WORK ORDER: Repeat what the lines below say, word for word, and skip every image.

GIVEN INFORMATION:
= = = = = = =
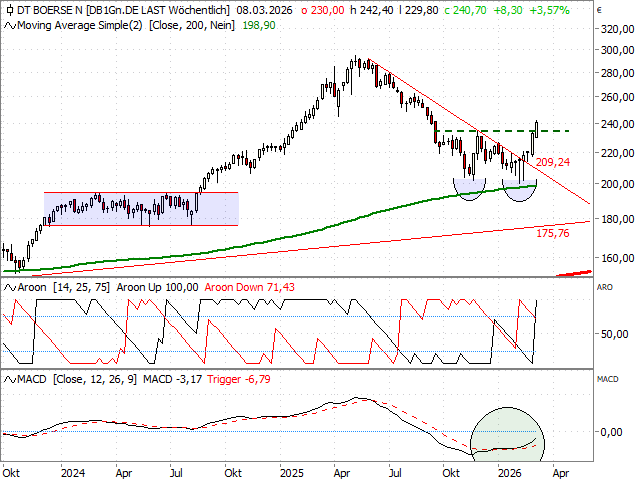 Chart Deutsche Börse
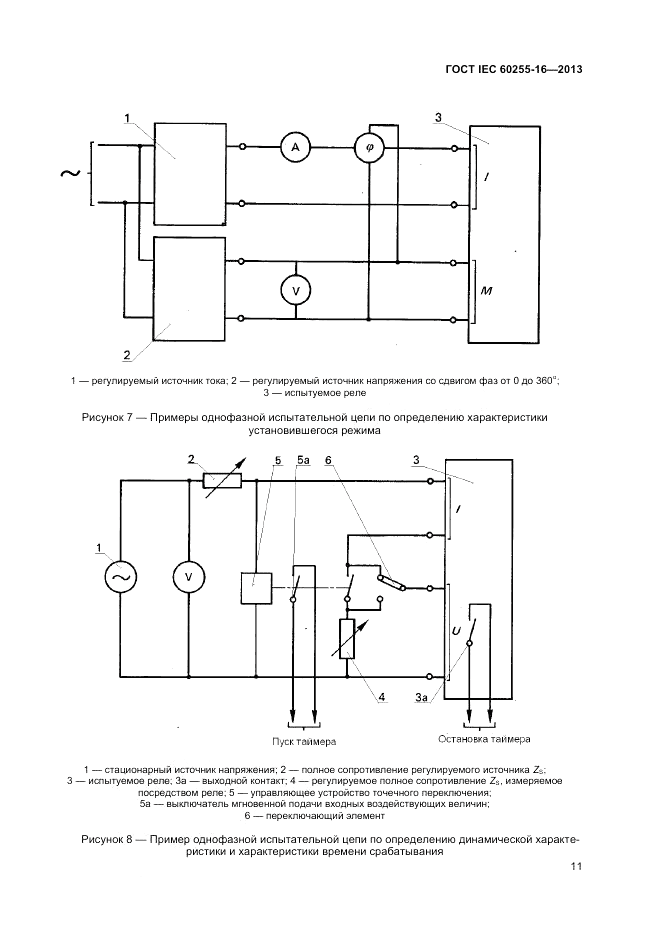 ГОСТ IEC 60255-16-2013, страница 15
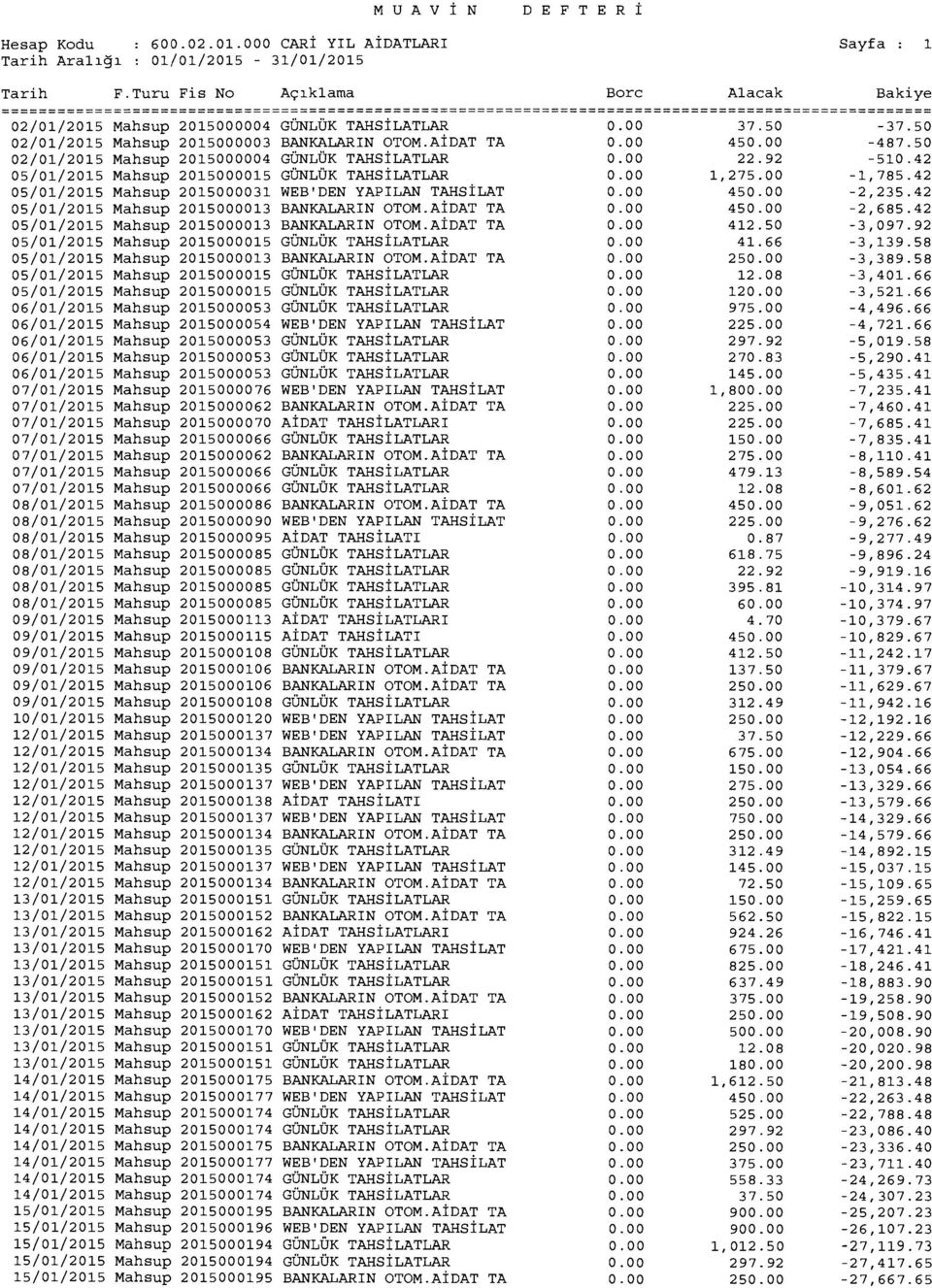 00 1,275.00-1,785.42 05/01/2015 Mahsup 2015000031 WEB'DEN YAPILAN TAHS İ LAT 0.00 450.00-2,235.42 05/01/2015 Mahsup 2015000013 BANKALARIN OTOM.A İ DAT TA 0.00 450.00-2,685.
= = = = = = =
ANSWER BOX:
 Chart Deutsche Börse
 ГОСТ IEC 60255-16-2013, страница 15
 00 1,275.00-1,785.42 05/01/2015 Mahsup 2015000031 WEB'DEN YAPILAN TAHS İ LAT 0.00 450.00-2,235.42 05/01/2015 Mahsup 2015000013 BANKALARIN OTOM.A İ DAT TA 0.00 450.00-2,685.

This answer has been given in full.